▸ **Problem statement**
Leave out the images and return all the data word for word.

===== Information supplied =====

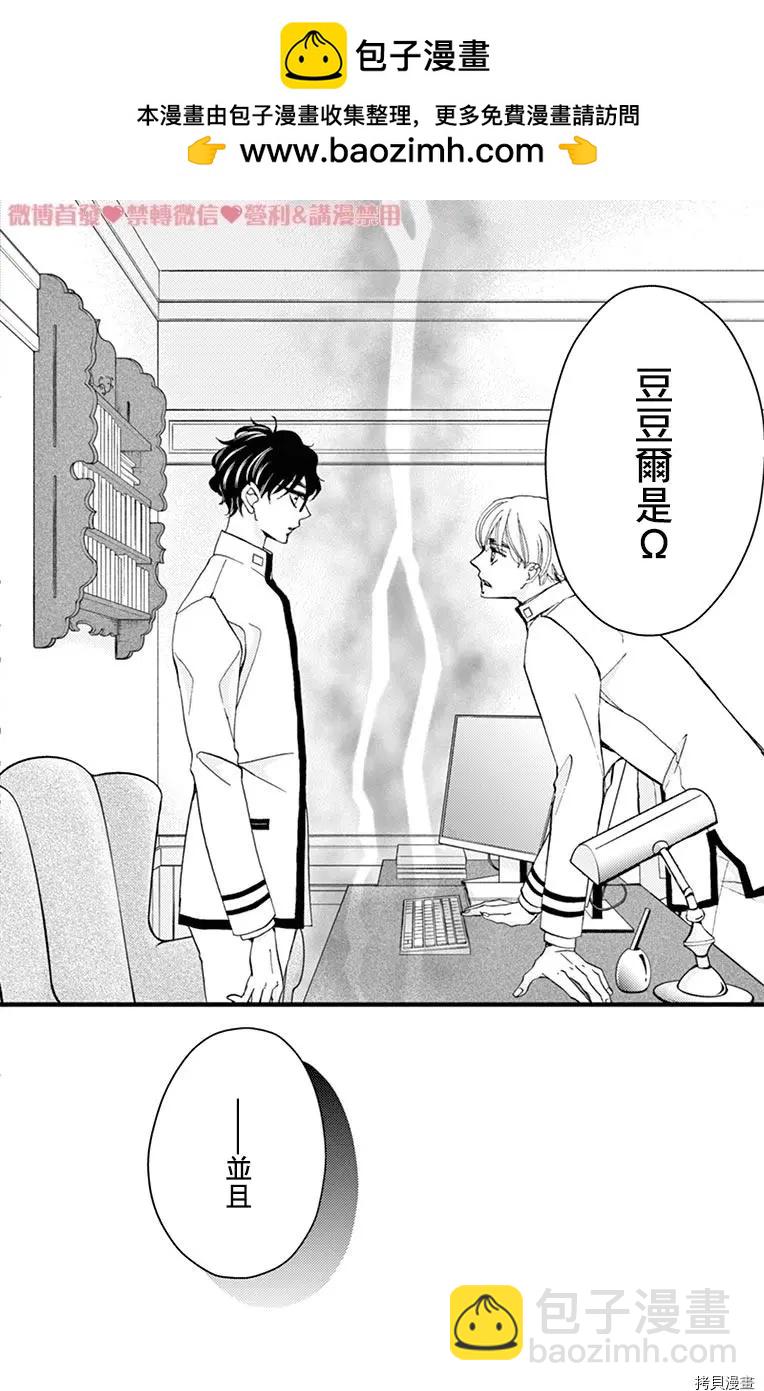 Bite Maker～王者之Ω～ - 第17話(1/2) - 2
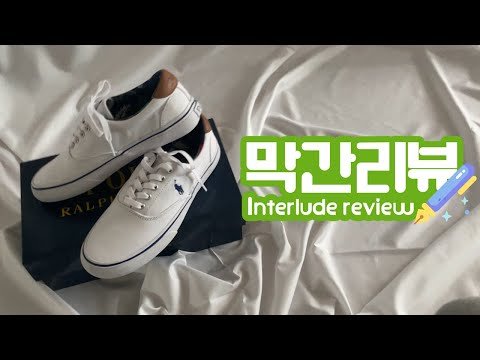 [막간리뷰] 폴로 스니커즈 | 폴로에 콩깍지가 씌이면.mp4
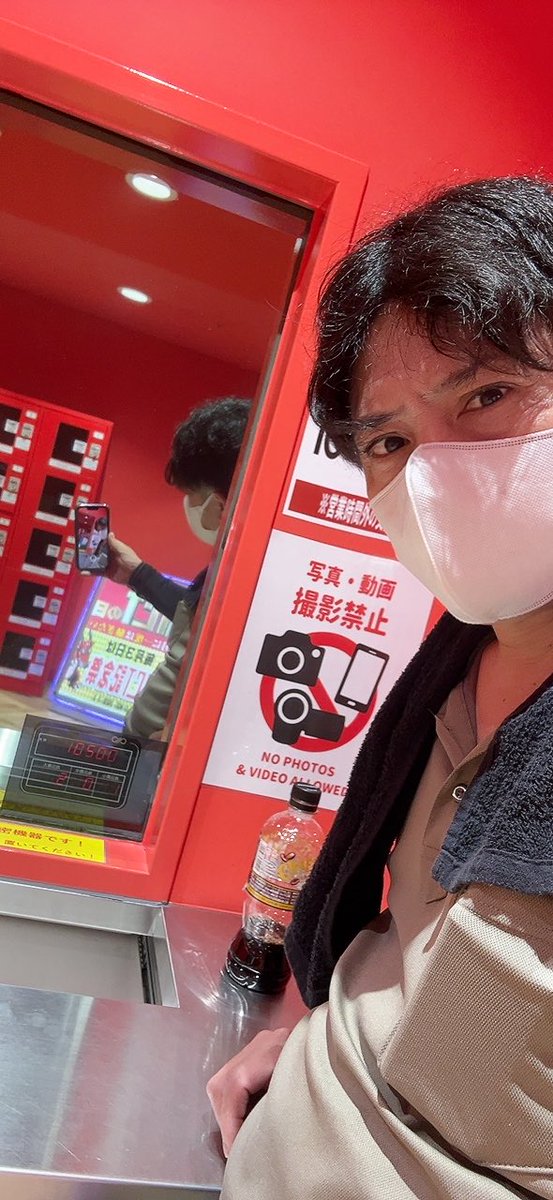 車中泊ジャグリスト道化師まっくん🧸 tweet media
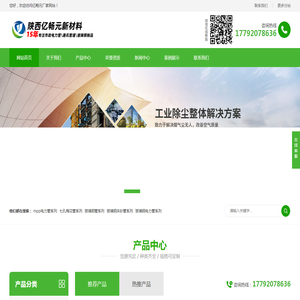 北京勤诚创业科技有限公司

=====

▸ **Expected answer**
 Bite Maker～王者之Ω～ - 第17話(1/2) - 2
 [막간리뷰] 폴로 스니커즈 | 폴로에 콩깍지가 씌이면.mp4
 車中泊ジャグリスト道化師まっくん🧸 tweet media
 北京勤诚创业科技有限公司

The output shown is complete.